• [Exercise prompt]:
What is needed is an exact copy of the lines in the entries below from the one holding "Base para bolsos" through the one holding "Fototapete Pretty Cloud Beach mockup 7", pictures excluded.

• [Data for review]:
----

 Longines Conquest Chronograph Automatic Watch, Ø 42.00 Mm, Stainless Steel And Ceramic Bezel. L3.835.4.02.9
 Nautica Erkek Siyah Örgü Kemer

----

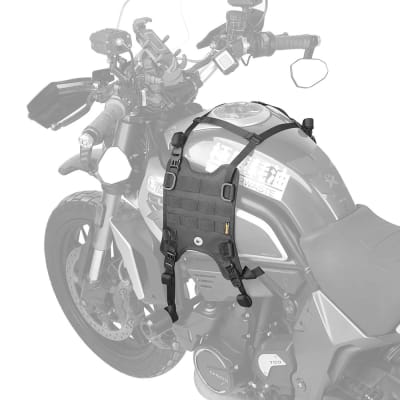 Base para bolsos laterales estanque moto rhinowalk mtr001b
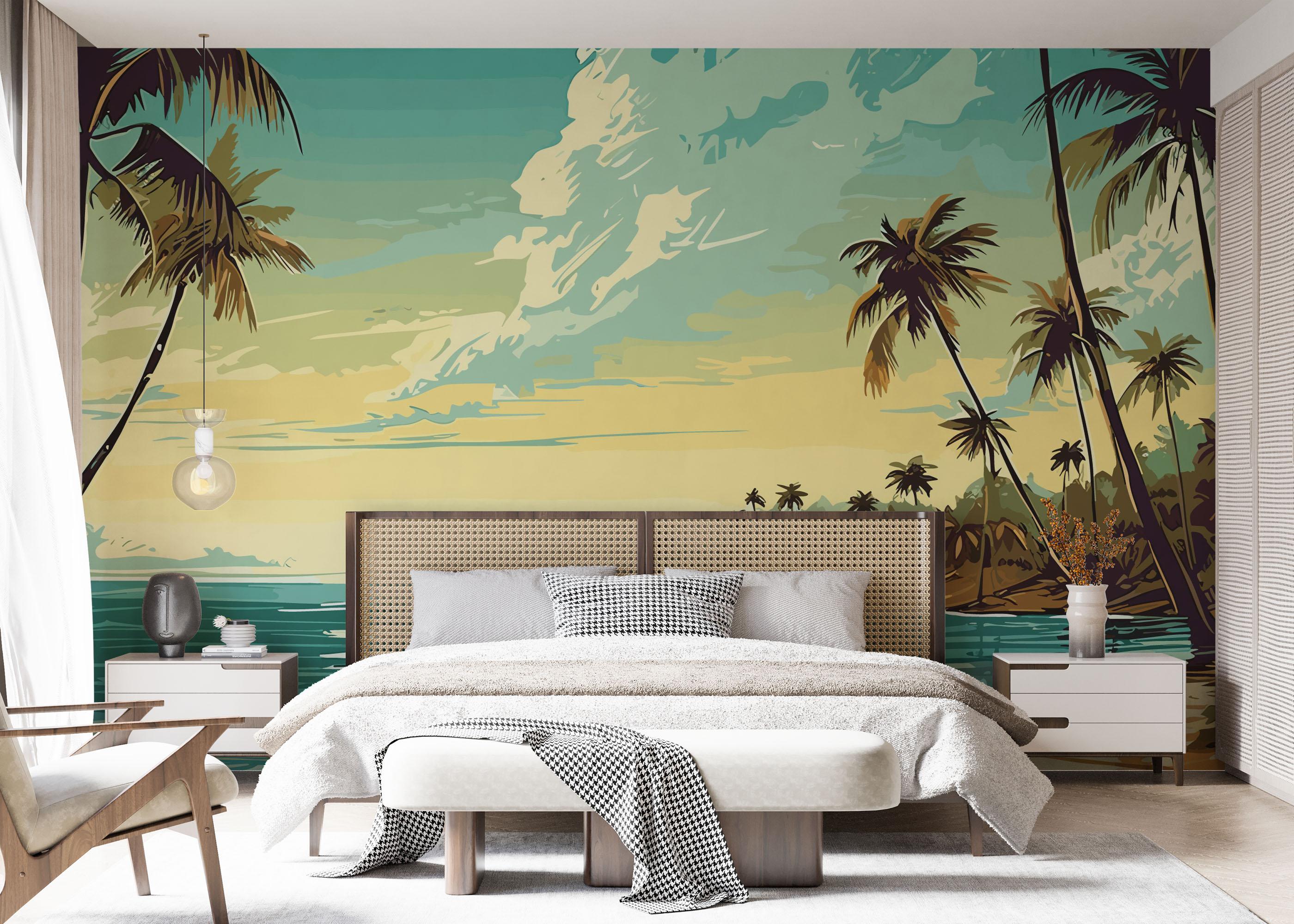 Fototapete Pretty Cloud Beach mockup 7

----

• [Result]:
 Base para bolsos laterales estanque moto rhinowalk mtr001b
 Fototapete Pretty Cloud Beach mockup 7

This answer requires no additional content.